The present application is related to the creation of a system of spherical coordinates for hydraulic/pneumatic action applied to an object for decoration and entertainment. The same is comprised of a main body with a chamber for the pressurization of liquid or gas in its interior and the upper part designed with spherical coordinates, where this serves as base to support a sphere or a segment of a sphere. The sphere or segment of a sphere undergoes random movements when it is pushed upwards, due to a pressure that is generated by hydraulic/pneumatic action. Optionally, it is possible to couple to the chamber a part that has micro-orifices that may or may not have an axle that limits the movement. The existence of this axle (when applicable) at the upper part or at the base of the main body is one of the guarantees that the sphere or the segment of a sphere will not topple.
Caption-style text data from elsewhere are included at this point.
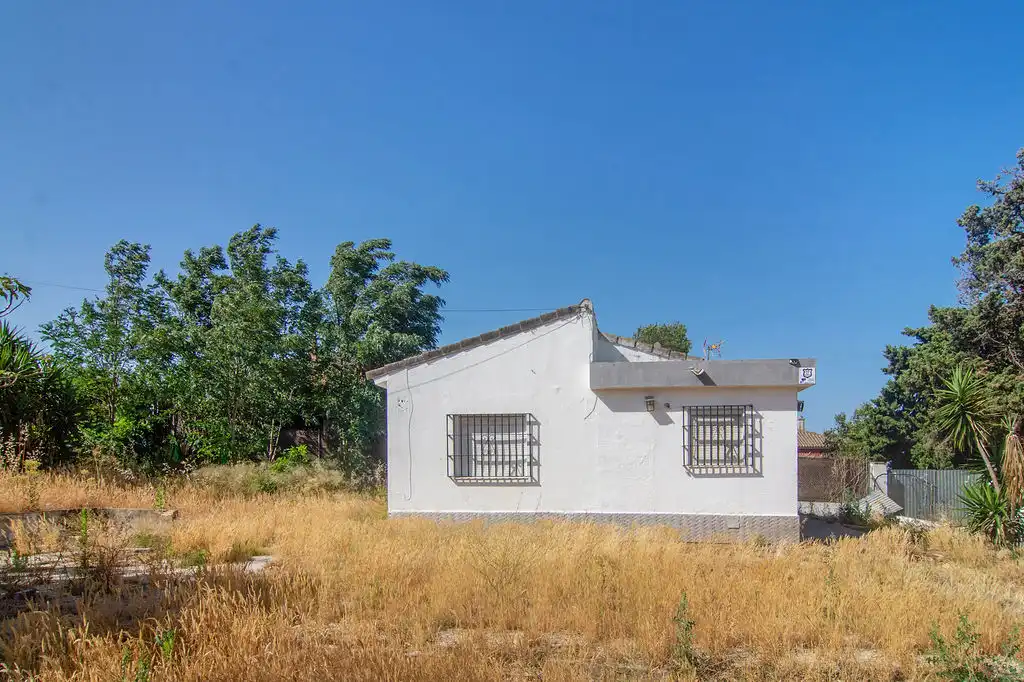 Exterior view of Detached homes for sale in Chiclana de la Frontera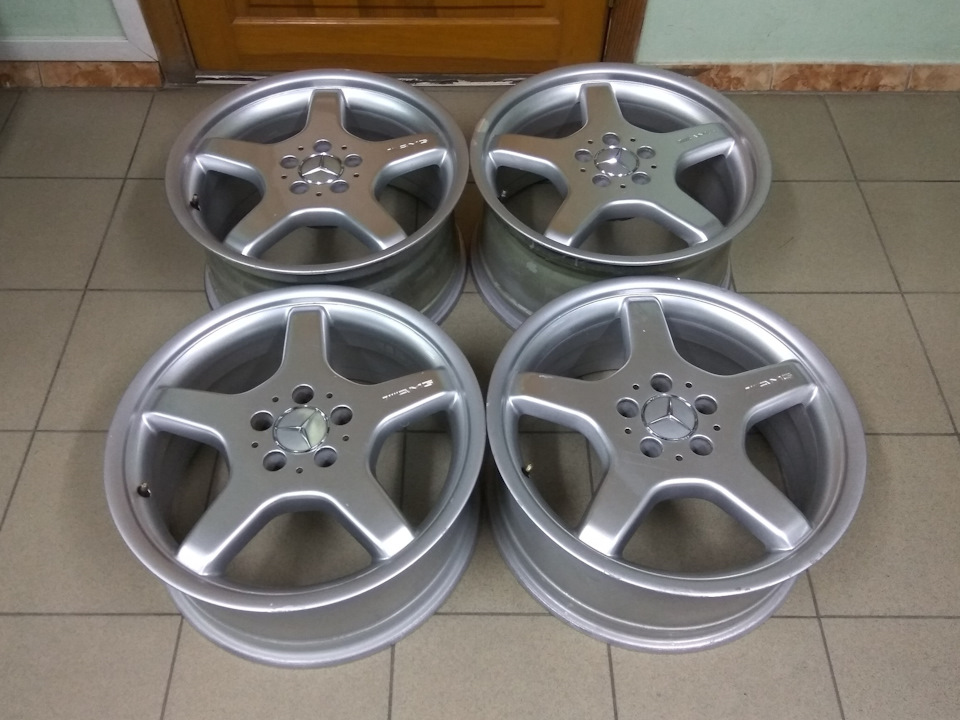 Нові колеса. AMG Style III 5-spoke 18x8J & 18x9J + MICHELIN 4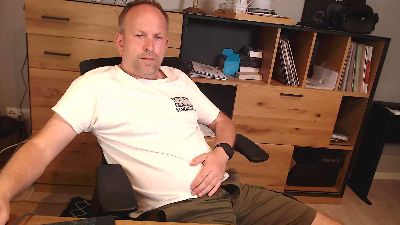 34yochemcock — 在 cam4 直播的网络摄像头模特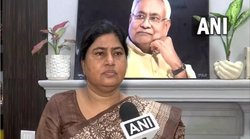 बिहारः बीमा भारती को नोटिस देकर पलट गईं नीतीश कुमार की मंत्री लेसी सिंह, जानिए क्यों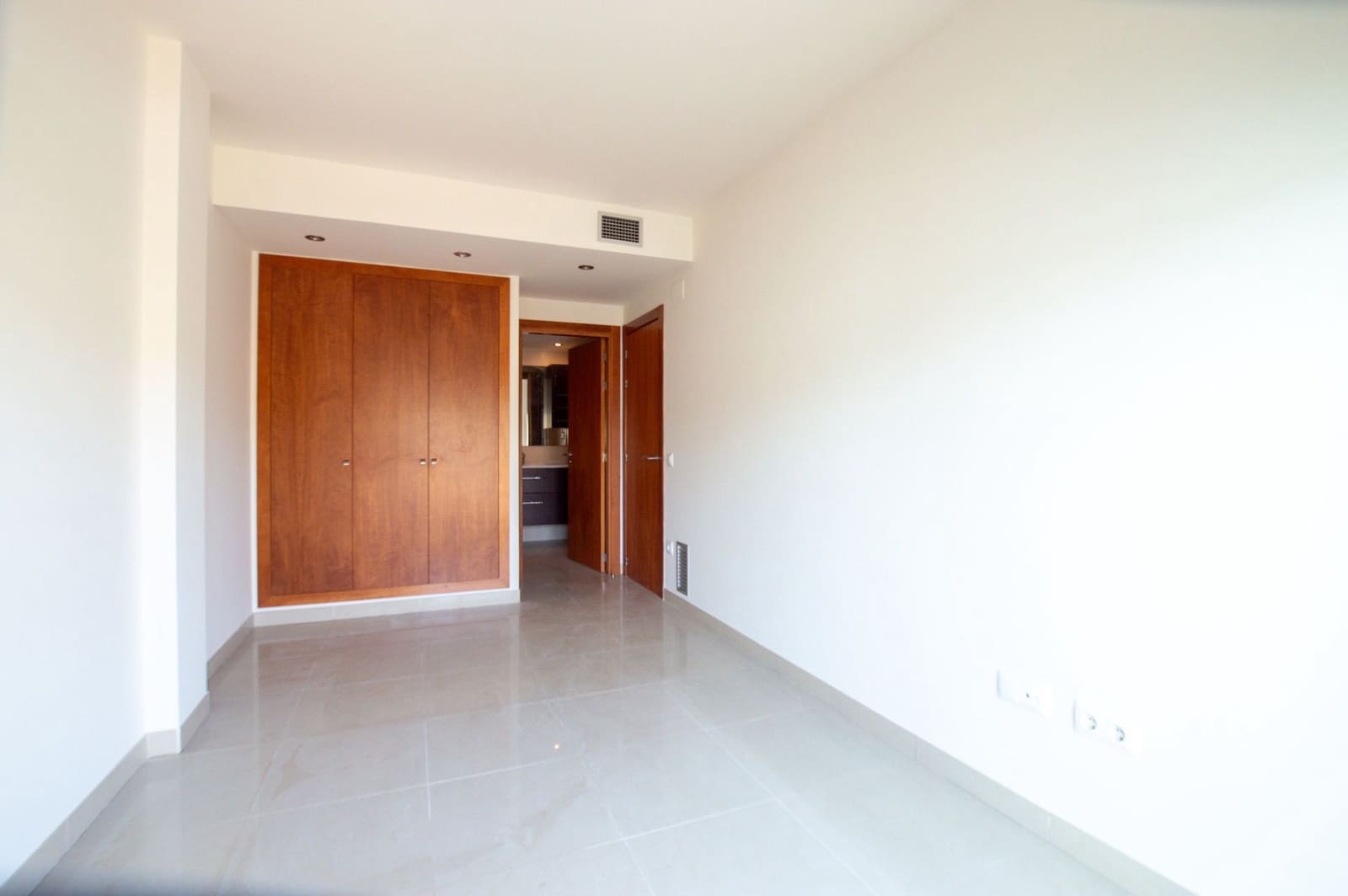 3 chambre Appartement à vendre à Llagostera avec piscine - 239 950 € (Ref: 10017015)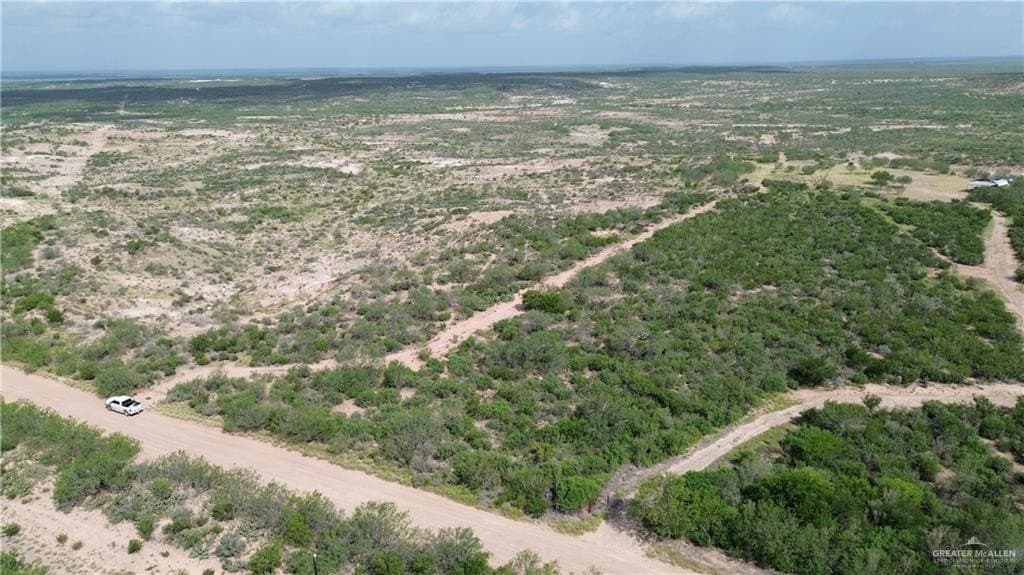 7.9 acres in Zapata County gallery image 2
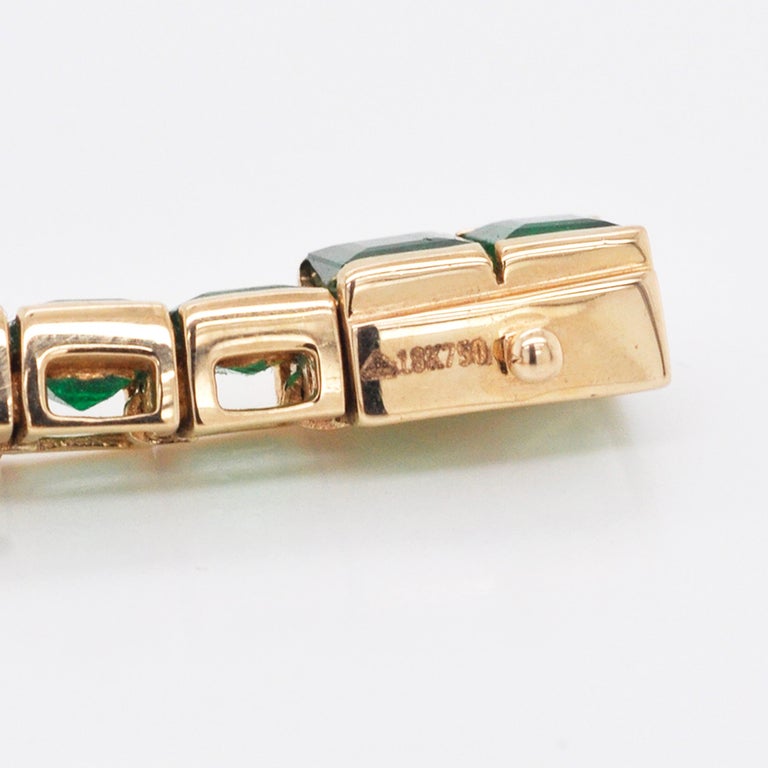 18 Karat Gold Square Brazilian Emerald Tennis Line Bracelet For Sale 9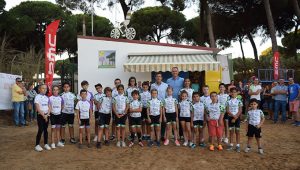 Foto de familia de Perico Delgado con los alumnos de la Escuela.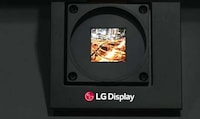 Immersive VR Headset Displays Image 1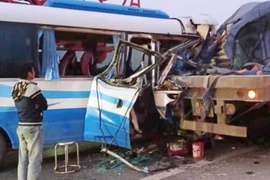 Tạm giữ hình sự lái xe khách đâm đuôi xe tải khiến 2 người chết, hàng chục người bị thương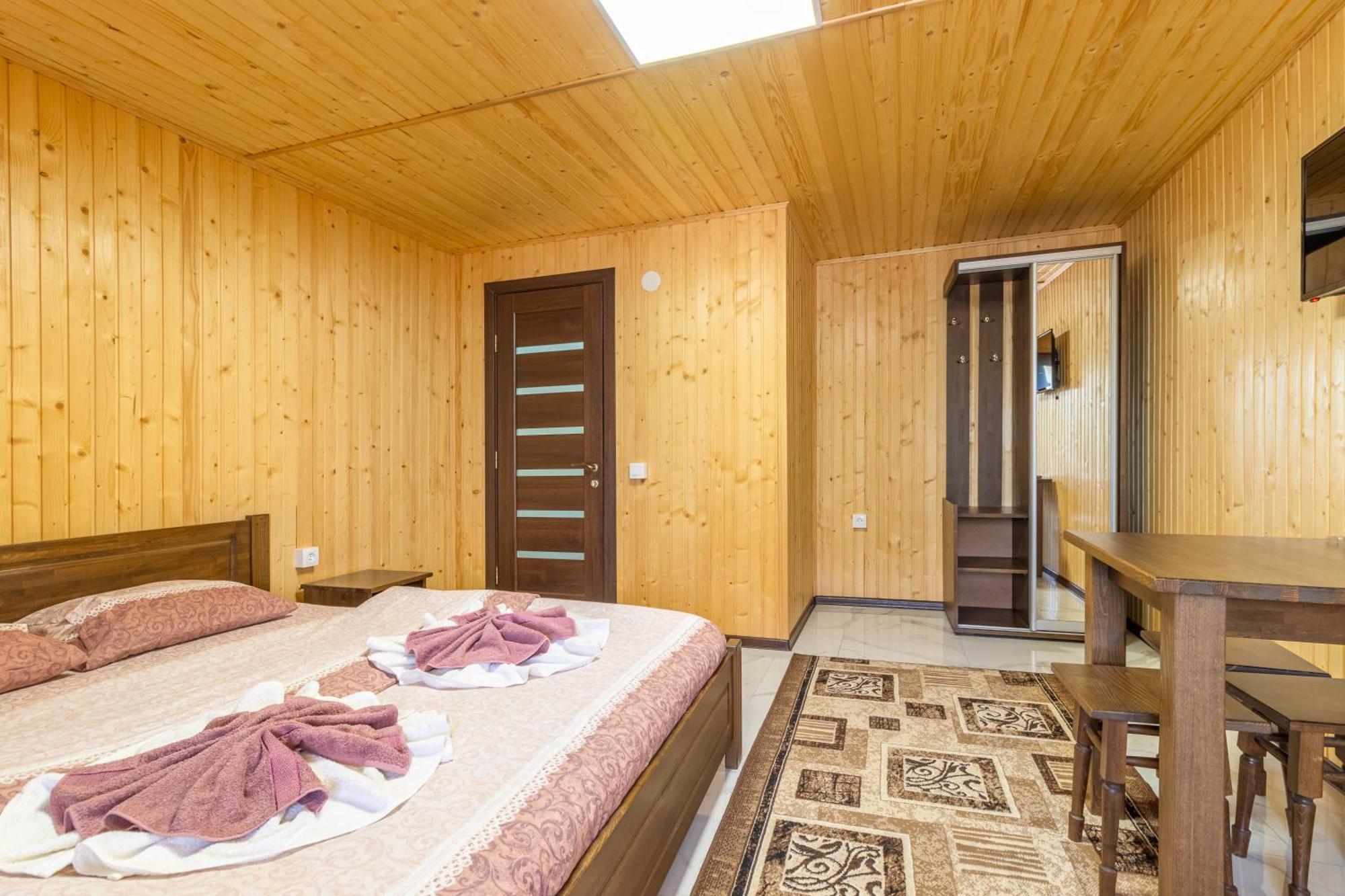 Astoria Hotel Solotvyno Bagian luar foto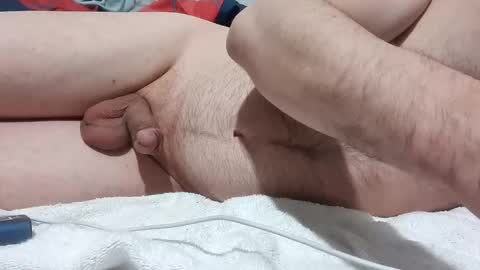 Snapshot of amadeusz chatting on 10-21-25, 10:43 amadeusz online show from 10-21-25, 10:43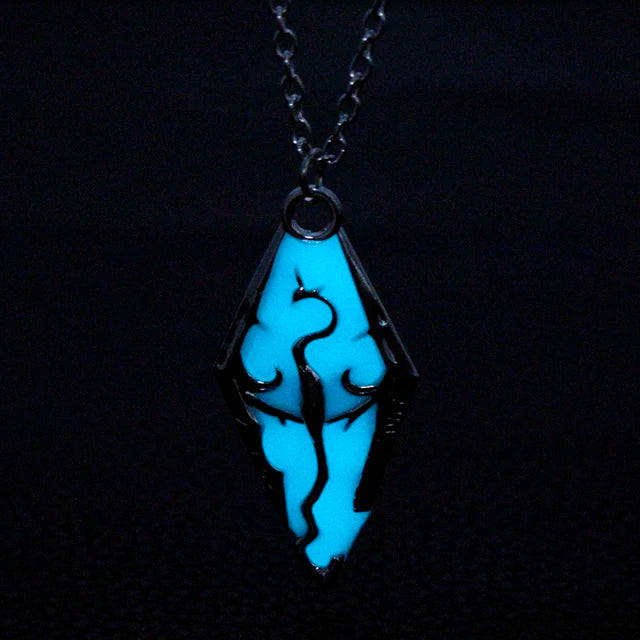 Collier pendentif dragon lumineux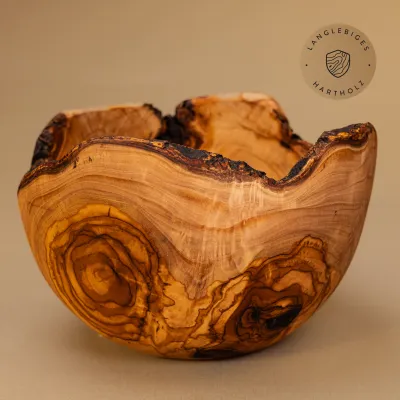 Große Salatschale aus Olivenholz mit Naturrand rustikal naturbelassen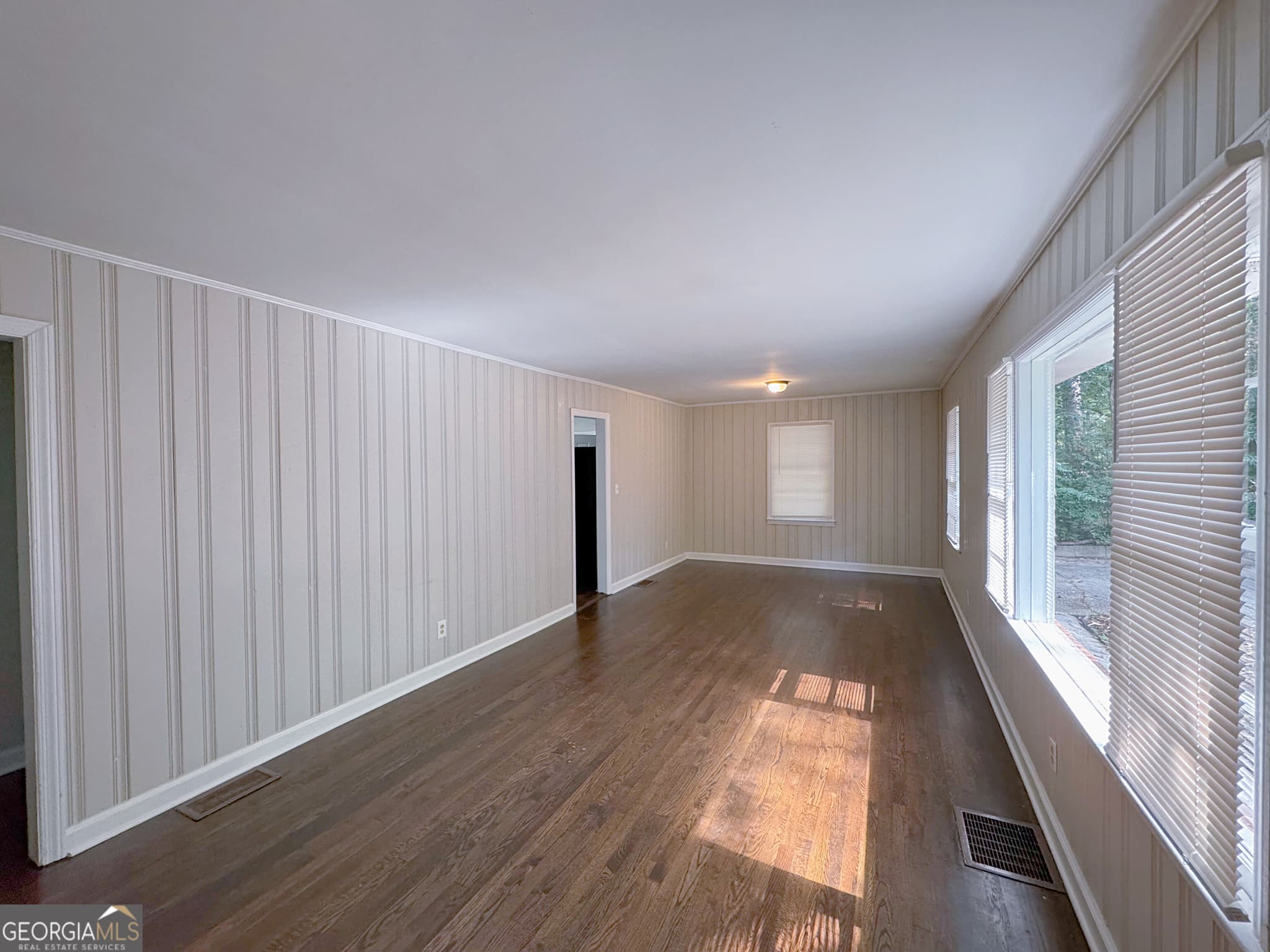5 bedroom, 2 bathroom, 1,800 sq ft single family residence for sale at 478 Pine Drive, Stone Mountain, GA 30083 — photo 4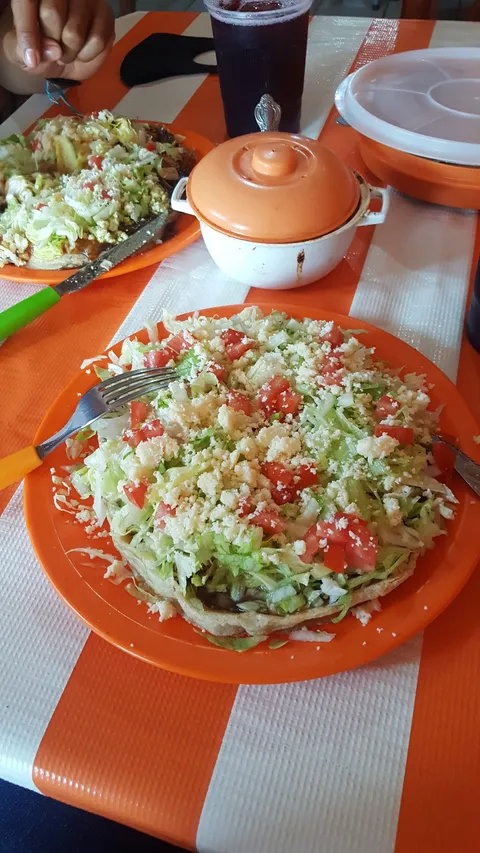 Fonda "El Trancazo" image 6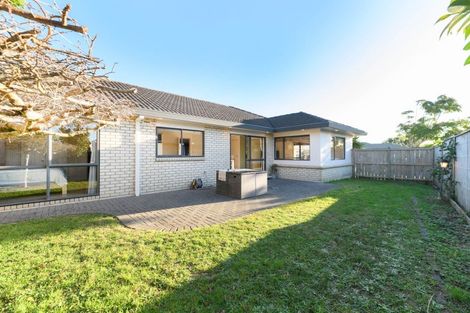 Photo of property in 20 Caragh Place, East Tamaki, Auckland, 2016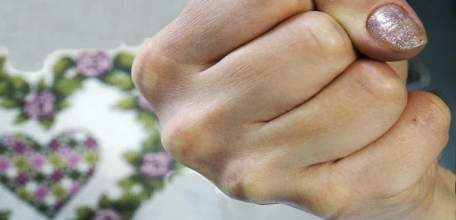 Пьяный мужчина из Елецкого района избил сожительницу в магазине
This system allows the filling up of a small pressurization chamber, located internally, that may contain, optionally, micro-orifices, their use being mandatory in the case of a gas. At this moment in which the level of liquid or gas reaches the lower part of the convex body, it is natural that there is a pressure in its base due to the need that the liquid or gas has to be released to the outside, because its flow generated by an internal or external source is continuous. As there is no longer any room inside the chamber, due to pressure, the liquid or gas pushes the convex body a length that is enough for the overflow of the liquid or for the leakage of the gas to occur, and cause, due to the laminar effect of the liquid or gas, a random movement in the convex body. Due to the geometry of the upper part of the object, designed in spherical coordinates, added by the axle that limits the movement (when applicable), that is located below the convex body or above the optional part that contains the micro-orifices, this does not exhibit any risk of toppling.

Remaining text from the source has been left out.